The report uses cotton as a case study, given the wealth of misinformation which has been published about this much-loved fibre over recent decades.
The 135-page report offers practical guidance to equip fashion professionals with “the tools they need to build critical data consumption in fashion and eradicate misleading claims.”
Transformers Foundation is a non-profit organization which provides suppliers with a platform to share their expertise and opinion on industry threats and solutions, while ICAC is the figurehead for the global cotton industry and has been around for more than 75 years.
The premise of the report is that fashion has a “serious and growing misinformation problem,” with “inaccurate and outdated figures widely shared,” and data being used, “without any context.”
“While the industry doesn’t need to agree on one-size-fits-all solutions to fashion’s problems, we need to agree on the facts or progress will fade from view,” the report states.
It suggests that, in the cotton space, “virtually every common claim about the sector is false or misleading, including that it requires 20,000 litres of water to make a T-shirt and a pair of jeans or that cotton uses a quarter of all insecticides. Even the notion that cotton is water-thirsty is misleading enough that we discourage its usage.”
The report also debunks the oft-repeated claim that organic cotton production uses 91 per cent less water than conventional cotton. This claim originated from Textile Exchange and continues to adorn the websites of many leading global fashion brands. Notably, Textile Exchange has now told the publishers of this new report that it has removed the claim from its website.

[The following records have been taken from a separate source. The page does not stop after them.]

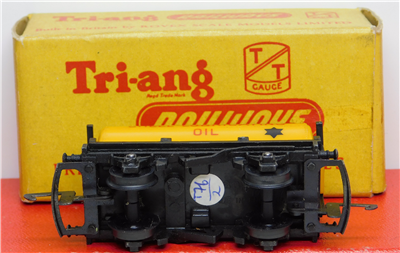 59686c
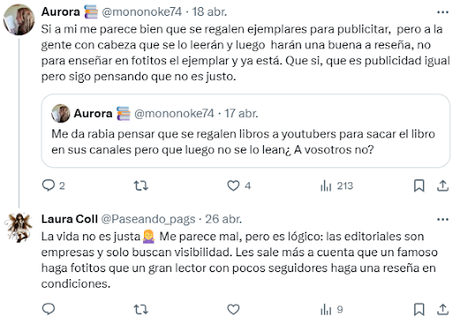 Visto en las redes 72#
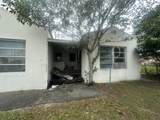 223 4th Street - Photo 1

As well as being a welcome development [well done Textile Exchange] this is actually very significant given that the LCA data originally used to make this claim also underpins the data for organic cotton being used by the Higg Index and its ‘Sustainability Profiles’. These are now being rolled out by fashion brands including H&M, Tommy Hilfiger and Amazon. Can brands now credibly make this claim about organic cotton to end consumers when the source of the claim has now distanced itself from it? Watch this space.
The new report argues that teaching citizens and institutions to become critical consumers of data and information is the missing ingredient in halting the spread of misinformation.

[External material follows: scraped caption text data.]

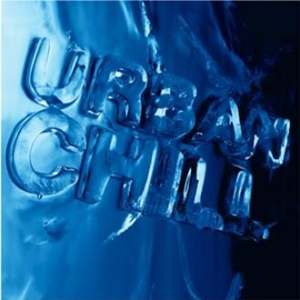 成人毛片一区二区三区
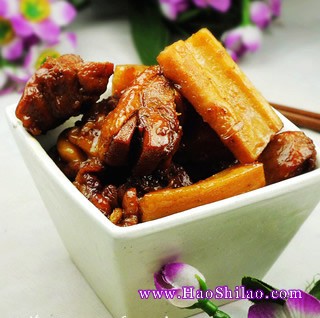 ɏź���u������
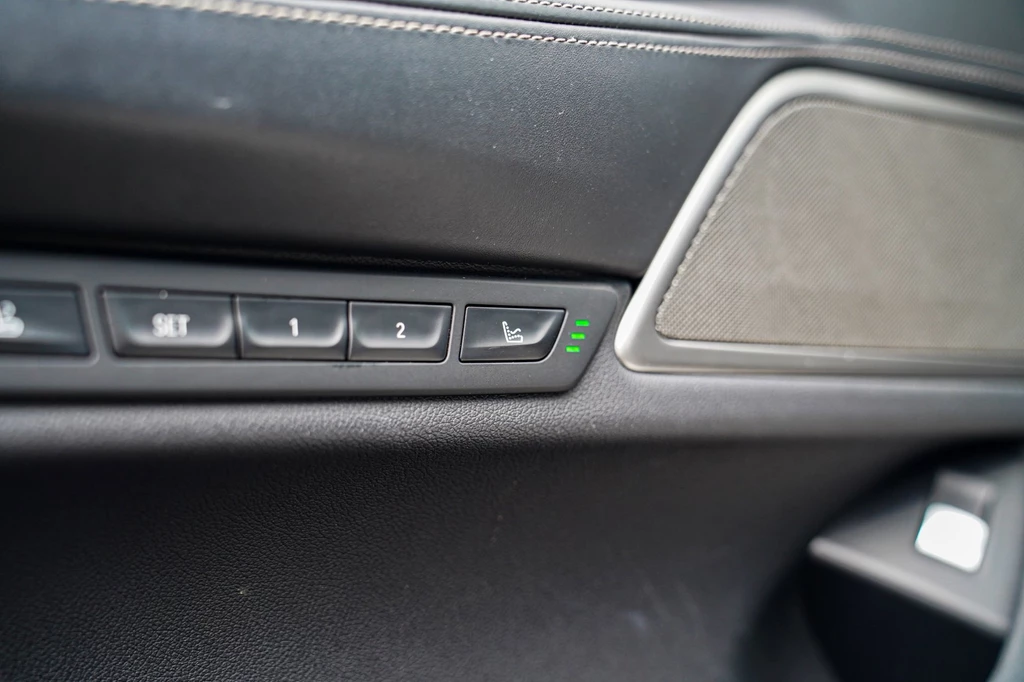 BMW 7 Serie – foto 46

It is authored by Elizabeth L. Cline, expert and advocate in fashion sustainability and labour rights, and Marzia Lanfranchi, the Foundation’s intelligence director and co-founder of Cotton Diaries.

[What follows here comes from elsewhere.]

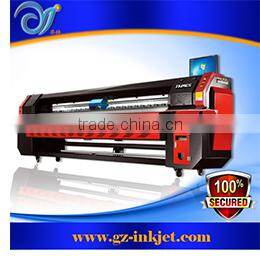 GOOD!Toyo uv ink original from japan for uv printer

It draws on current leading research and dozens of interviews with industry experts to form in-depth case studies debunking the most widely used cotton statistics.
“Transparency and traceability prove authenticity. We envision a future where farmers tabulate the amount of pesticides they use, the amount of water they use, all of the different inputs to compare this with their yield and continue retrieving the stream of data to a product’s end of life,” said Andrew Olah, founder of Transformers Foundation. “We have been eager to launch this report to provide readers with tools to enable data transparency that will ultimately inform best practice and viable solutions for the health of the planet, the people, and our industry.”
Transformers Foundation is hosting a two-panel series hosted by the report’s co-authors, with special guests Allison Deger, independent fact-checker; Cecilia Parker Aranha, project director, Competition and Markets Authority; Hilary Jochmans, founder of Politically in Fashion; Lavinia Muth, CSR at Armedangels; Mathieu Jahnich, responsible marketing expert; Terry Townsend, former executive director of ICAC and cotton statistician.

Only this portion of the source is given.